Genea Fertility chief executive Tim Yeoh called for a national donor registry and a uniform 10-family cap on contributors.
This would raise the current five-family limit in NSW and WA.
These changes are said to be "widely accepted" as the right path forward for the fertility industry.
However, limits and state registers have not always been in place.
Many donor-conceived people live with the uncomfortable reality they might have hundreds of siblings they do not know about.
Witness Sarah Dingle told the hearing her biological father donated to the Royal North Shore Hospital more than 200 times and might have donated at other hospitals.
Each donation can create five to 20 children.
"I don't like the fact that my biological father was paid," Ms Dingle said.
"Because he was paid, he went back and back and back."
Mr Yeoh said donors were no longer paid, but could be reimbursed for travel and other expenses.
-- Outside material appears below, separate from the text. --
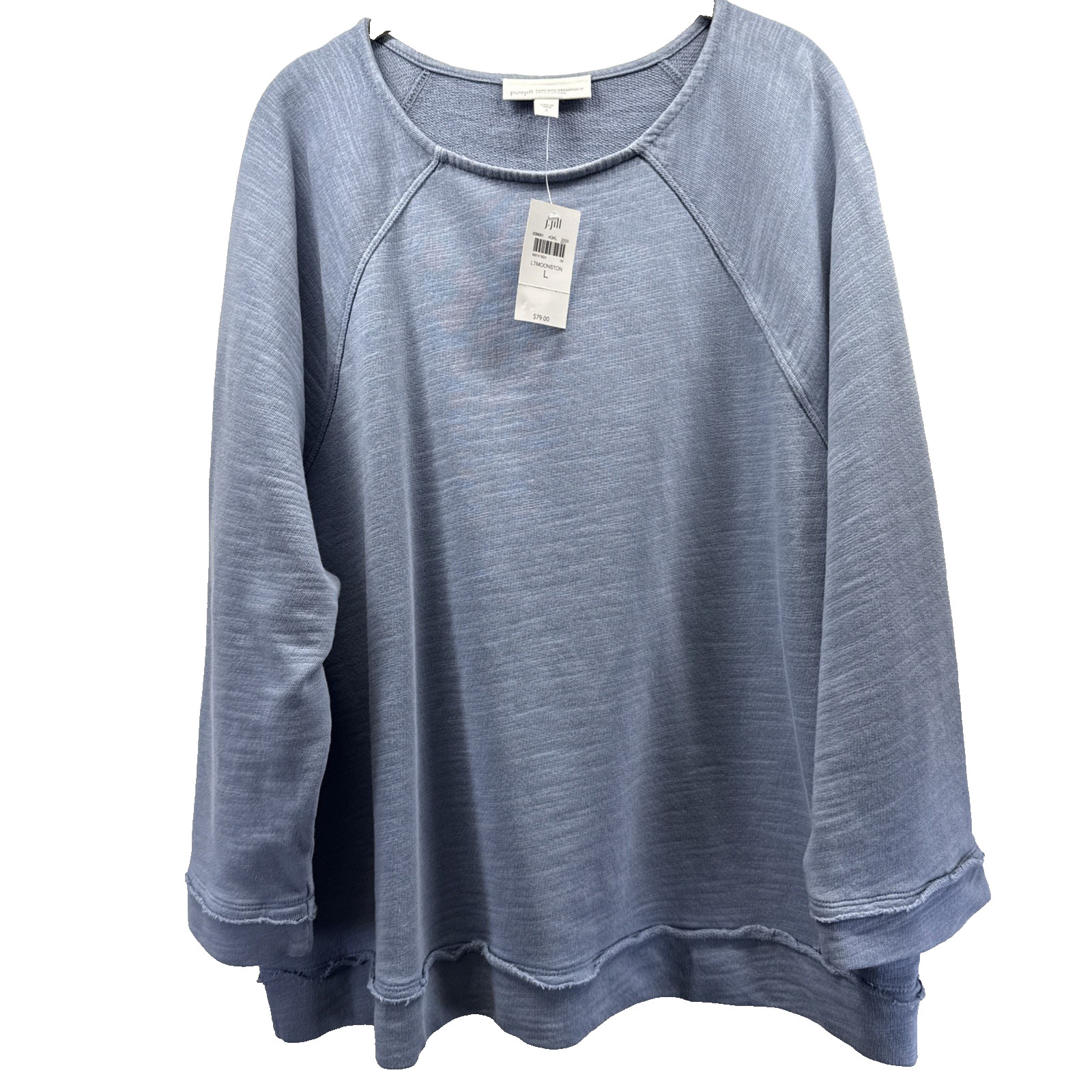 Purejill J Jill Organic Grown Cotton Top Sz Large Solid Blue Raglan Pullover NWT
Donor Conceived Australia director Rebecca Godwin said she was horrified to discover a co-worker was her sibling.
She lives with the fear of her children becoming intimate with a biological relative.
Ms Godwin made several recommendations to the inquiry, including a strengthened and enforced national donation limit, that donor-conceived siblings are notified about any medical condition a donor has, and access to ongoing counselling support and genetic testing for donor-conceived children.